Comfort in the Kitchen: Questions for Katie Lee

Katie Lee is a knockout, sure, but she’s also got some serious chops in the kitchen. The self-proclaimed “hillbilly princess” is a best-selling cookbook author with regular television appearances and a monthly column in Cosmopolitan—and is as famous for her former marriage to Billy Joel as she is for her award-winning pattymelt burgers. We spoke to her recently about moving carefully into the celeb-chef category, perhaps most importantly, how to cook up a man-eating serving of meatloaf.

JULIA TURSHEN: Who taught you to cook? Who inspired you to be in the kitchen?

KATIE LEE: My grandmother Dora taught me how to cook. She’s from a small town in West Virginia called Milton. I would pull a stool up to her kitchen counter after school. My love of food started there.

TURSHEN: Do you still cook with her?

LEE: Yes, and in fact I’m going home this weekend. She makes the best food, world over. I guess it’s that comfort food feeling that takes you back to a place in time. Food is like music in that way—you hear a song and maybe it brings you back to prom. For me, a batch of biscuits takes me home to grandma’s kitchen.

TURSHEN: What’s your favorite of all her dishes?

LEE: I love her biscuits and her steak and gravy. I do it exactly like how she tells me to do it, but it never turns out right. I don’t know what I’m missing. She’s 78 and she got married when she was 16. I always think of my grandfather as the original foodie.  He was the slowest eater.  He savored everything. Even when everyone was gone from the table, he was still eating.

TURSHEN: Your Logan County hamburgers are famous—what’s another signature Katie Lee dish?

LEE: That simple, silly burger, I can’t believe they won the Burger Bash and people know them by name—I never thought that I’d be the burger queen.
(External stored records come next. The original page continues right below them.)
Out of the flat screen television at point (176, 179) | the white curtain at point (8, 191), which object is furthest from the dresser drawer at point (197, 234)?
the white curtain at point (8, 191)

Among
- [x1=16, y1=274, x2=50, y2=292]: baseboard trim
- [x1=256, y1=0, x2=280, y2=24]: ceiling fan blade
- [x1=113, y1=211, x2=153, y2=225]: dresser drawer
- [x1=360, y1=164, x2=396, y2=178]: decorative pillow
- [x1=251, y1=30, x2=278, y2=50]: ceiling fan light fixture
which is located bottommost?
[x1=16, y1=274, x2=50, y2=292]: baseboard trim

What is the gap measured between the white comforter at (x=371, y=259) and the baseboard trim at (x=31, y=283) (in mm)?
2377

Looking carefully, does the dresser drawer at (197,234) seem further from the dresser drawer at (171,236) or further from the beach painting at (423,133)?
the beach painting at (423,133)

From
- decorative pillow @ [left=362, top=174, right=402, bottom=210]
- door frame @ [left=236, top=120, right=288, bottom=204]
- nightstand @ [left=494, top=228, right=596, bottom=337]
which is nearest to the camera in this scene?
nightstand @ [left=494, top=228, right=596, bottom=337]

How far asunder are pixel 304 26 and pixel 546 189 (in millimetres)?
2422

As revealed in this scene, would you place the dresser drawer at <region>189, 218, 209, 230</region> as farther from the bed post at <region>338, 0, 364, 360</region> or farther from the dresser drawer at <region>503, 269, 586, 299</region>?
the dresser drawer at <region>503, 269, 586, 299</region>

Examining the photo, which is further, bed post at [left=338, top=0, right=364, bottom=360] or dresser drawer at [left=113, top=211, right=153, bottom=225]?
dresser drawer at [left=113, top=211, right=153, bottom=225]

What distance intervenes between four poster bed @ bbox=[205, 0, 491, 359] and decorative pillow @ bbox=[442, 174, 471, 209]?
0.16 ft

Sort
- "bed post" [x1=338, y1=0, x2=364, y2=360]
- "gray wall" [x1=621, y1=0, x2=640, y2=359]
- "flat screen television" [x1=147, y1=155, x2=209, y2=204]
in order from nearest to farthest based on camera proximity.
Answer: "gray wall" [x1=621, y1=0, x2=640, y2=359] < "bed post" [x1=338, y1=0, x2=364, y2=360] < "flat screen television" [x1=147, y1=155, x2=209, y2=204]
I guess my other signatures are my fried chicken and also my meatloaf.

TURSHEN: In your recent interview for the New York Times with Frank Bruni, you said you refer to meatloaf as “man-loaf” because it’s the way to get a man to fall in love with you.  Depending upon the man, do you change the ingredients or are all men equal? How do you make yours?

LEE: I do always make it the same way.  I do it with sautéed onions, bell peppers, herbs, and I put Worcestershire sauce and ketchup in the meatloaf and on top of it. It’s traditional. The only time I make a change is if I have a non-red meat-eating friend; then I make it with turkey and it’s still really good. I like to make meatloaf sliders too which are easy for a party because you don’t have to flip a ton of burgers. You make a bunch of miniature meatloaves and put them in the oven all at once.

TURSHEN: What would be the complete heart-swaying meatloaf menu?

LEE: I serve it with mashed potatoes and green bean casserole, which is a real traditional Southern dish and is usually made with a can of condensed mushroom soup and a can of fried onion rings.  I make a homemade cream sauce with homemade fried shallots. Done the traditional with the cans, you taste it all day. It’s one of those things, like a greasy donut.

TURSHEN: Would you ever want to have your own restaurant?

LEE: It’s an idea I’ve toyed with, but if I were going to do it I would want to do it right. I would want to be there every day and I’m not ready for that. Maybe one day: I’m not ruling it out.

TURSHEN: Other than your own, what cookbooks do you refer to most often?

LEE: I love the Barefoot Contessa cookbooks—they’re so nicely done and her recipes are beautiful and simple. I love Martha Stewart, and I love Donna Hay, from Australia. I just love to look at cookbooks, it’s almost like they’re comic books for me. I can’t look at them before bed; it gets me too excited.

TURSHEN: What are your favorite three ingredients?

LEE: Definitely butter. And you know what, I like salted butter. Of course I love garlic. And I use a lot of cilantro. I’d say salt, butter and fresh herbs. But lemons are important too. Butter, salt, garlic, herbs and lemon. My top five. Now I’m hungry.